Additional Information and Where to Find It
The Company has filed a definitive proxy statement (as amended, the “Definitive Proxy Statement”) with the SEC for the Annual Meeting to which this communication relates and has mailed the Definitive Proxy Statement and
other proxy solicitation materials to record holders as of September 6, 2022. Before you vote, you should read the Definitive Proxy Statement and other documents the Company has filed with the SEC for more complete information about the Company, the
2022 Annual Meeting and the proposals to be voted on. The Company has filed a registration statement (including a prospectus) with the SEC for the offering to which this communication relates. Before you invest, you should read the prospectus in that
registration statement and other documents the Company has filed with the SEC for more complete information about the Company and this offering. You may get these documents for free by visiting EDGAR on the SEC website at www.sec.gov.
Alternatively, you may obtain copies of the Definitive Proxy Statement and the other proxy solicitation materials, including a replacement proxy card, as well as the prospectus, by contacting Morrow Sodali, the Company’s proxy solicitor and the
information agent for the offering, at:
Morrow Sodali LLC
333 Ludlow Street
5th Floor, South Tower
Stamford, Connecticut 06902
Individuals call toll-free: (800) 662-5200
Banks and Brokerage Firms, please call (203) 658-9400
Participants in the Solicitation
The Company and its directors and executive officers may be deemed to be participants in the solicitation of proxies from the holders of the Company’s common stock in respect of the proposals to be voted on by stockholders
at the Company’s Annual Meeting.

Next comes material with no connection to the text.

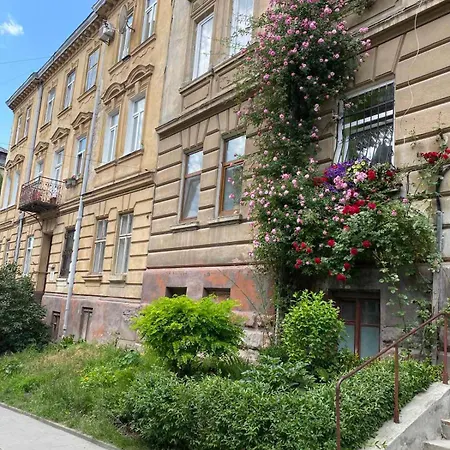 центр 2 кім ужгородська безкоштовна парковка не далеко від ж д вокзалу звітні документи * Lvov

Information about the participants in the proxy solicitation and a description of their direct and indirect interests, by security holdings or otherwise, is set forth in the Definitive Proxy Statement for the Annual
Meeting, which was filed with the SEC on September 13, 2022, and in other documents filed by the Company, including on behalf of such individuals, with the SEC.
No Offer or Solicitation
This communication shall not constitute (i) a solicitation of a proxy, consent or authorization with respect to any securities or in respect of the proposed rights offering or (ii) an offer, nor a solicitation of an offer,
of the sale or purchase of securities, nor shall any securities of the Company be offered or sold in any jurisdiction in which such an offer, solicitation or sale would be unlawful. It is an outline of matters for discussion only. Neither the SEC
nor any state securities commission has approved or disapproved of the transactions contemplated hereby or determined if this document is truthful or complete. Any representation to the contrary is a criminal offense. In connection with the proposed
rights offering transaction discussed herein and the stockholder votes related thereto, a registration statement on Form S-1 (File No. 333-267071) (the “Registration Statement”) was filed with the SEC on August 25, 2022 and the Definitive Proxy
Statement related to the Company’s 2022 Annual Meeting of Stockholders to be held on October 12, 2022 was filed with the SEC on September 13, 2022. The Company intends to file other relevant materials with the SEC in connection with the proposals to
be voted on by the stockholders. Stockholders of the Company are urged to read the Registration Statement and the documents incorporated by reference therein and the Definitive Proxy Statement before making any voting or investment decision with
respect to the stockholder proposals and the proposed rights offering, respectively, because they will contain important information regarding such proposals and the proposed rights offering transaction. You should not construe the contents of this
communication as legal, tax, accounting or investment advice or a recommendation. You should consult your own counsel and tax and financial advisors as to legal and related matters concerning the matters described herein.